Make Learning Your Software Fun
I have to say that both academia and corporations suffer from taking themselves too seriously. Sure there is a certain amount of propriety that you have to have with your clients, but people like having fun. They want to enjoy themselves. So why is it that science becomes such a fun-sucker? I mean you would think that having subjects like “funology” would be a great topic, but the scientific approach makes everyone stuffy. Then you visit the campus of MIT or something like that and people have robot powered couches and other cool stuff. Why? Because it’s fun!
If you play video games, you’ll invariably have to learn something before you really get into the game. The rules of fighting, how to get around, etc. Some games are better than others about teaching you what to do without making it feel like a classroom setting. Ok, press the ‘X’ button two times really fast… Thankfully the education levels are usually pretty quick. It’s a pity you can’t say “I already played the game, can’t I skip the class?”.

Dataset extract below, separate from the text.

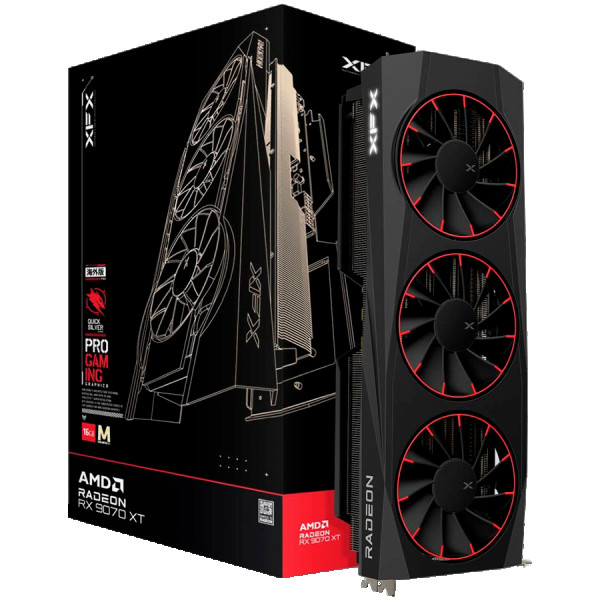 XFX Quicksilver AMD Radeon RX 9070XT Magnetic Air Edition with 16GB GDDR6 HDMI 3xDP AMD RDNA 4 ( RX-97TMAQKB9 )
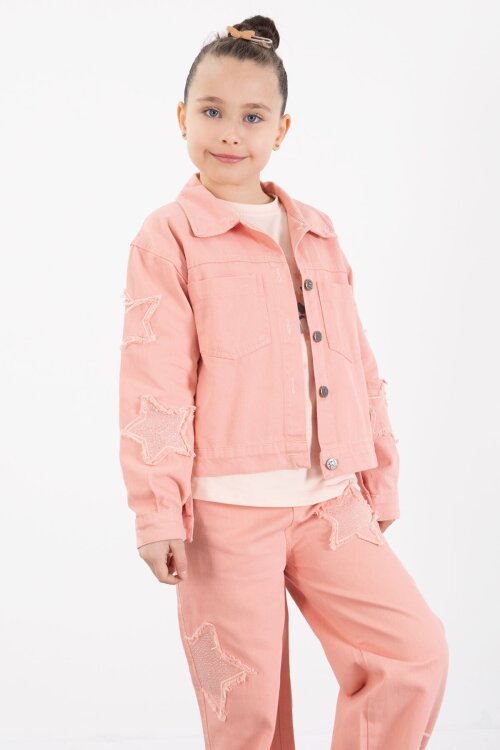 Somon Kolları Star Taşlı Jean Ceketli Kız Çocuk 3lü Alt Üst Takım 23426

If there is one thing that video games can teach us “serious” programmers (you can take yourself too seriously) is that if you properly reward your users for good actions, then they will keep doing it. Whether it was the intention or not, the Ruby on Rails framework teaches us how the writer of the application prefers to do web applications. The naming scheme for tables and the wiring of controllers, helpers, views, and models into one application all have their rewards. The fundamental reward for us developers is that if we do it the blessed way, we have less work to do with configuring and wiring things together. Even the code generators teach by example how to do things like how to do CRUD actions (the scaffolding feature). It now becomes fun to write web applications because we are rewarded for most things. Our imagination will help us overcome those obstacles that are beyond the basics we learned from the framework.
There is nothing that says we can’t use the same model for our applications. If our users learn how to use the app to make their lives better in simple, yet profound ways, they will want to become power users. If the users never get over the “I suck” threshold, even after examples and handholding, you will lose them. Making learning to be a fun activity doesn’t require a hippie teacher standing in front of a classroom with a guitar singing the times tables to the tune of “Gilligan’s Isle”. It just means that you make your users feel empowered, cool, or at the very least useful.